Et ailleurs, parlant de ces immondes quartiers de Spitalfield et de Bethnal Green, où grouillent plus de 150 000 tisserands, la plupart Irlandais, les maisons de ce district, nous dit le célèbre économiste, sont dans un état de délabrement dont rien ne saurait donner une idée. On les construit souvent en planches mal jointes, ce qui leur donne bientôt l’aspect des plus dégoûtantes étables. Lorsque ces masures ont été condamnées à cause du danger qu’il y aurait à les habiter, et que les locataires les ont désertées, il se trouve toujours, avant qu’on les abatte, quelque famille irlandaise qui, ne pouvant payer le prix d’un loyer, vient, comme autant d’animaux immondes, y chercher un abri. Dans un quartier où les rues en temps de pluie forment un marais la fièvre ne tarde pas à s’exhaler de ces ruines empestées.

Quatre policemen en fonction. — Dessin de Durand-Brager.
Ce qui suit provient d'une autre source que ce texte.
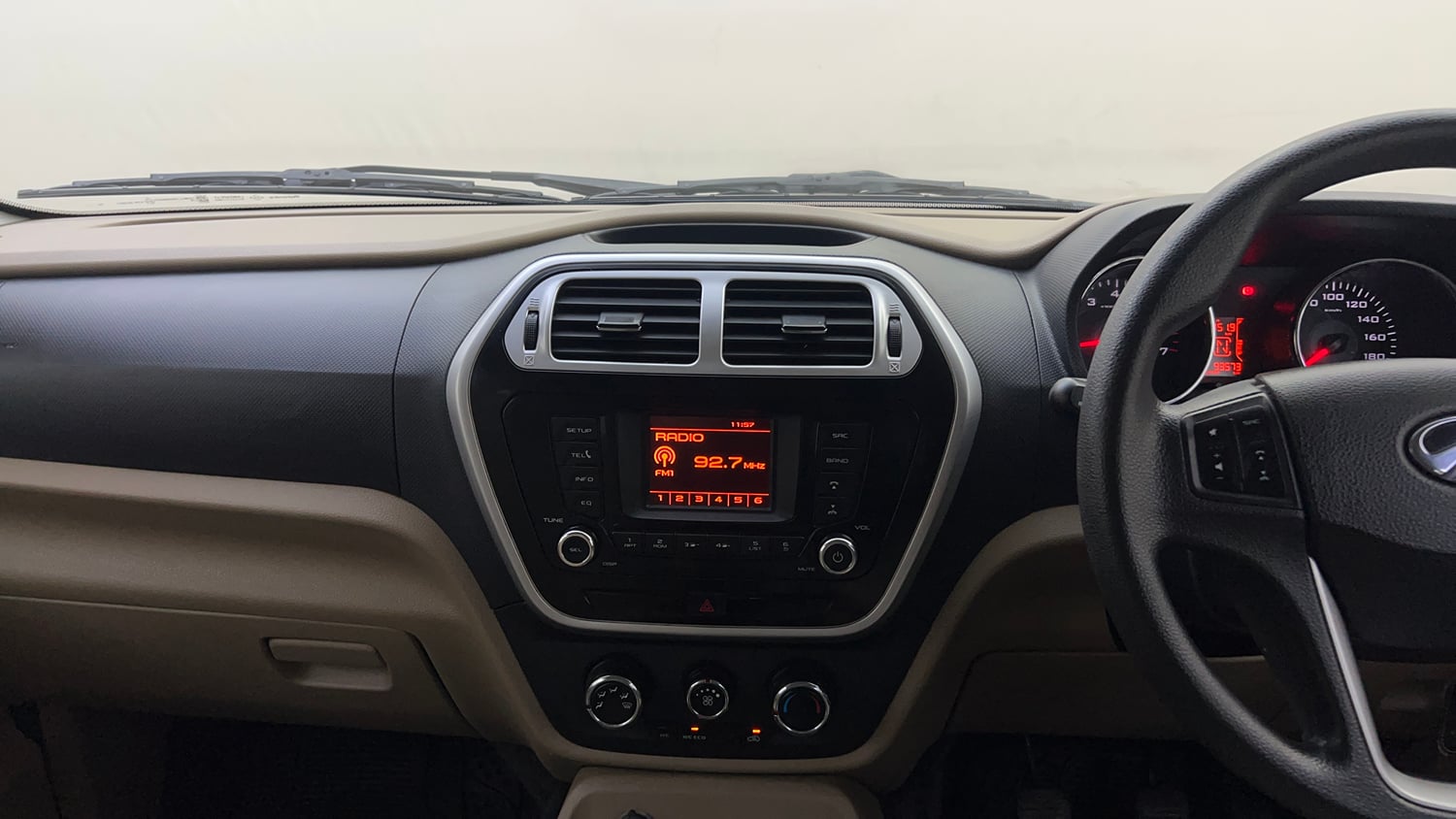 Used 2016 Mahindra TUV300 T8 Diesel Manual interior MUSIC SYSTEM & AC CONTROL VIEW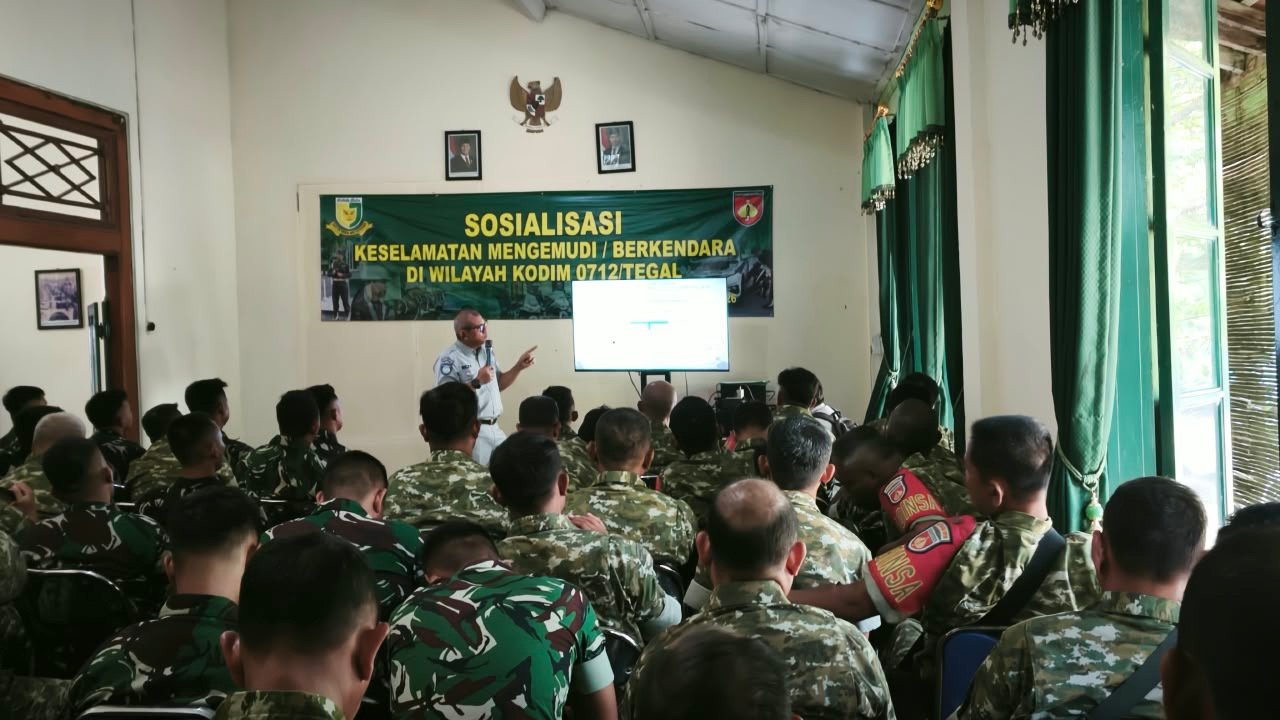 Tingkatkan Keselamatan Transportasi Dalam Berkendara, Jasa Raharja Tegal Menjadi Narasumber Dalam Giat Bersama Polisi Militer Tegal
« Transportez dans ces quartiers, dit plus loin M. Léon Faucher, une colonie de Hollandais lavant et nettoyant du matin au soir, aussi amoureux de l’ordre et de la propreté que ses étranges habitants le sont du désordre ignoble qui semble être leur élément, et vous n’aurez encore rien fait… On dirait une de ces villes du moyen âge que les magistrats entouraient de murailles pour les protéger contre l’ennemi extérieur, mais qu’ils livraient faute d’entretien, dans leur naïve ignorance, à l’action meurtrière des épidémies. Les dernières maisons de la cité dérobent, en manière de remparts, les rues de White Chapel ; on n’y pénètre qu’à travers des passages tortueux pratiqués sous des voûtes ou entre les murs humides des cours ; c’est une ville entière exclusivement réservée aux piétons. Depuis que la fièvre a décimé la population on s’est décidé à construire des égouts dans les rues principales, et quelles rues ! mais l’enlèvement des immondices ne s’opère encore qu’une fois par semaine ; on les entasse pendant sept jours sur la voie publique, qui se couvre ainsi d’un lit permanent de fumier. »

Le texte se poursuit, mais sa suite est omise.